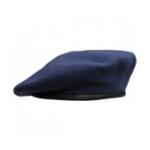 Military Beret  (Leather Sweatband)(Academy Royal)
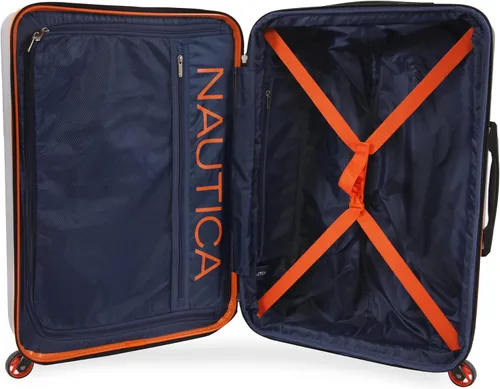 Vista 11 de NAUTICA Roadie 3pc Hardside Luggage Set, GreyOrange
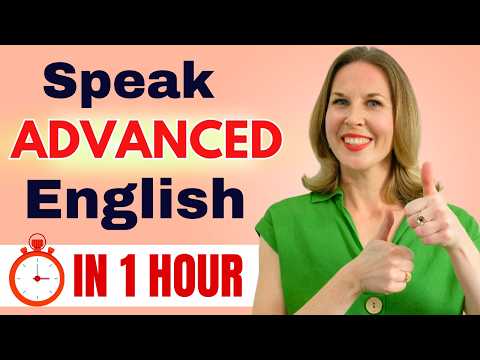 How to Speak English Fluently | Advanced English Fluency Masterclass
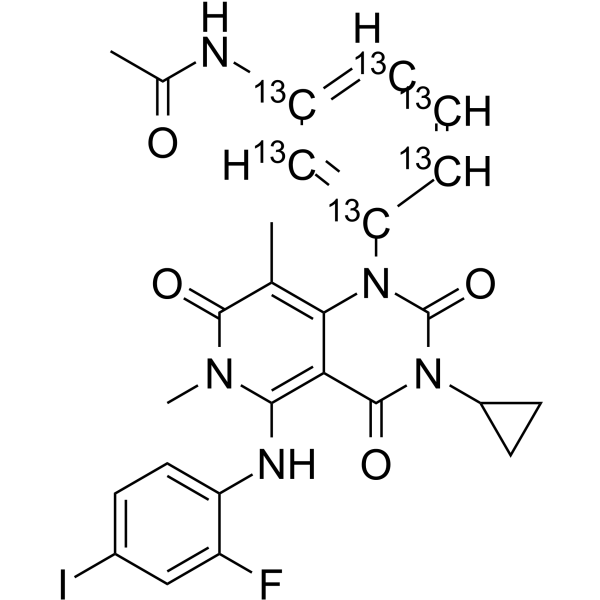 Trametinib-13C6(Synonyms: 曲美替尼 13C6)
* * *
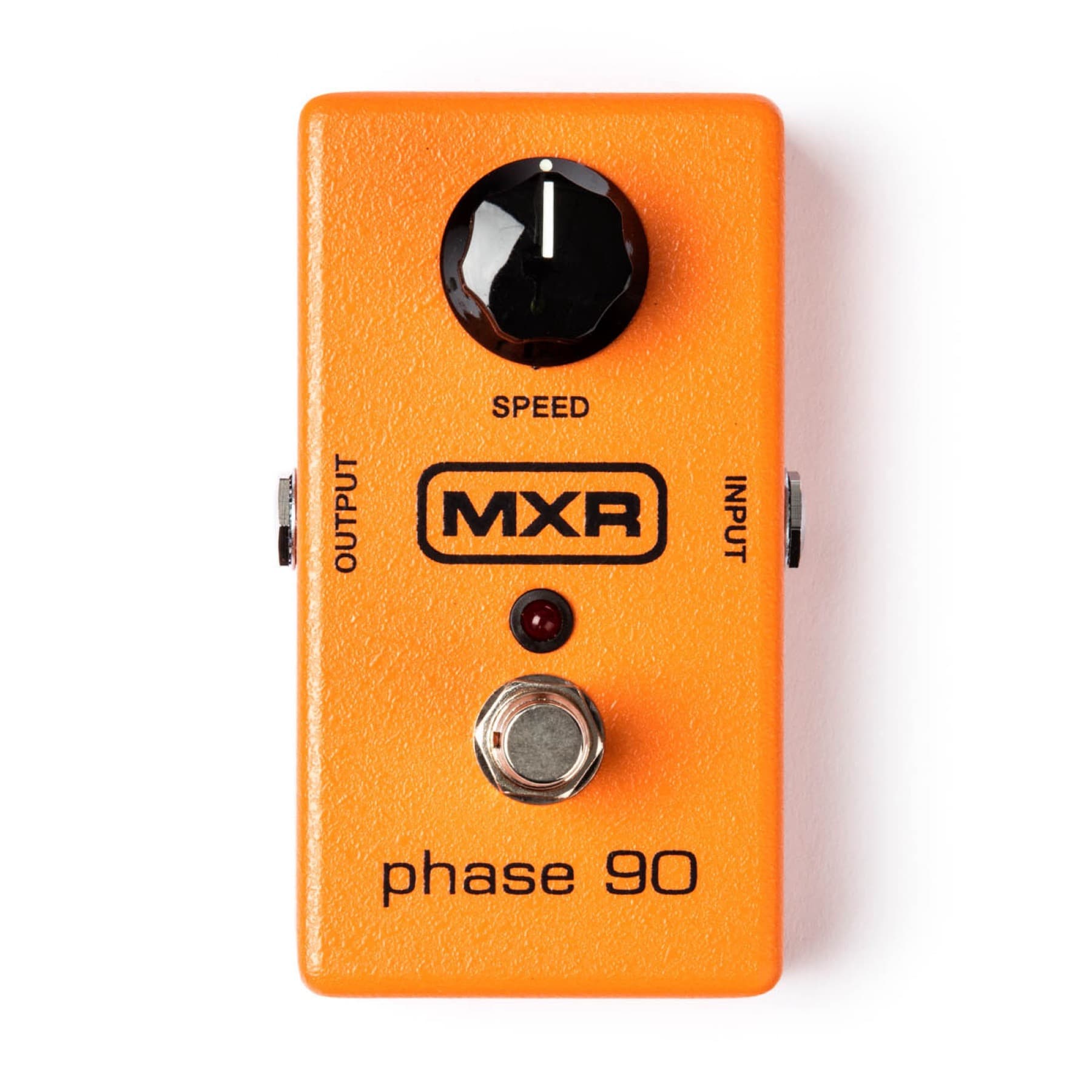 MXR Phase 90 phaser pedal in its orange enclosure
---
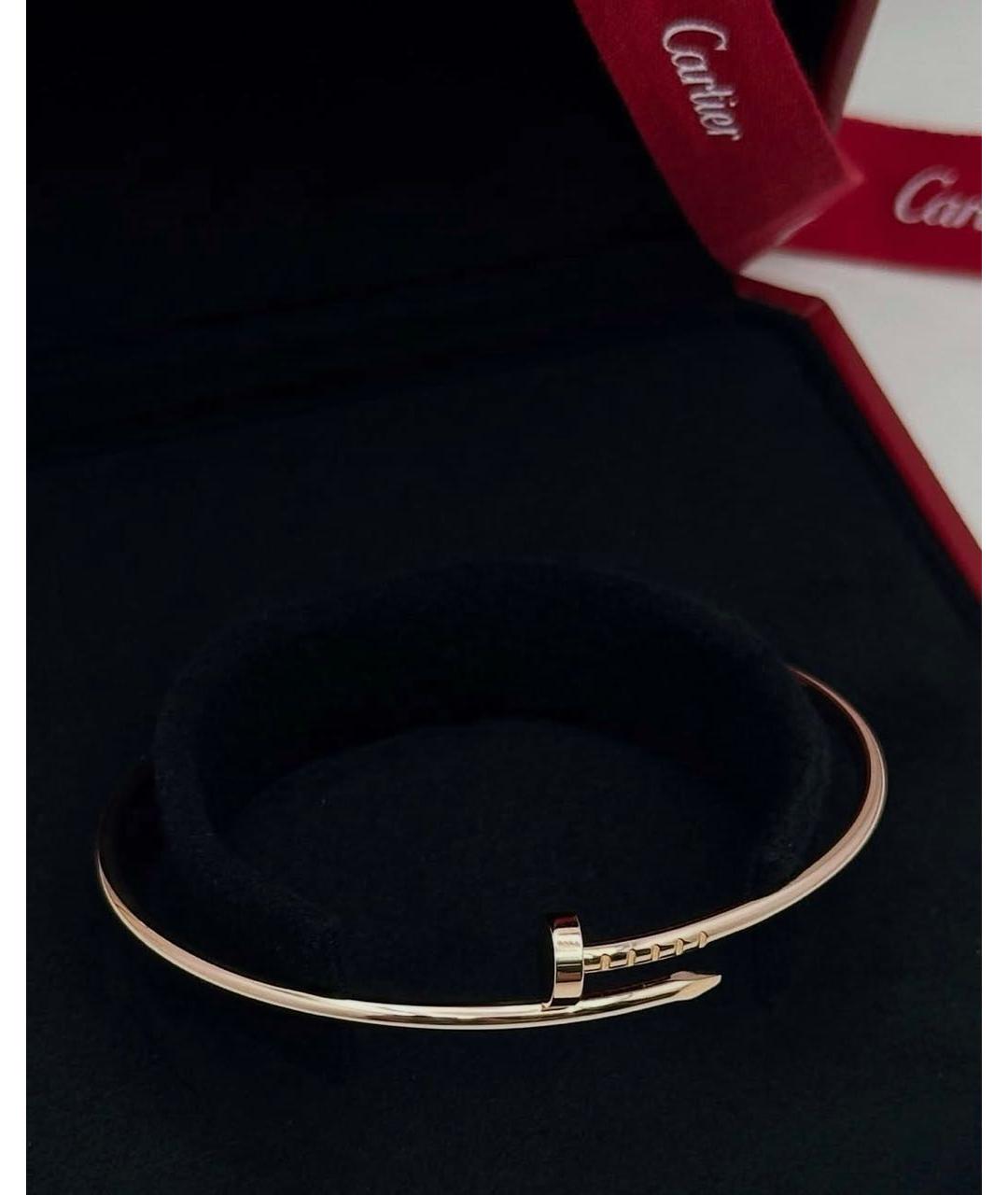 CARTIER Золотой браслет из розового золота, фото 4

▶ [TASK REQUIREMENTS]: In the listing above, find the line containing "(Leather Sweatband)(Academy Royal)" and the line containing "Trametinib-13C6(Synonyms: 曲美替尼 13C6)"; print those lines and every line between them exactly, leaving out pictures.

▶ [TASK SOLUTION]:
 Military Beret  (Leather Sweatband)(Academy Royal)
 Vista 11 de NAUTICA Roadie 3pc Hardside Luggage Set, GreyOrange
 How to Speak English Fluently | Advanced English Fluency Masterclass
 Trametinib-13C6(Synonyms: 曲美替尼 13C6)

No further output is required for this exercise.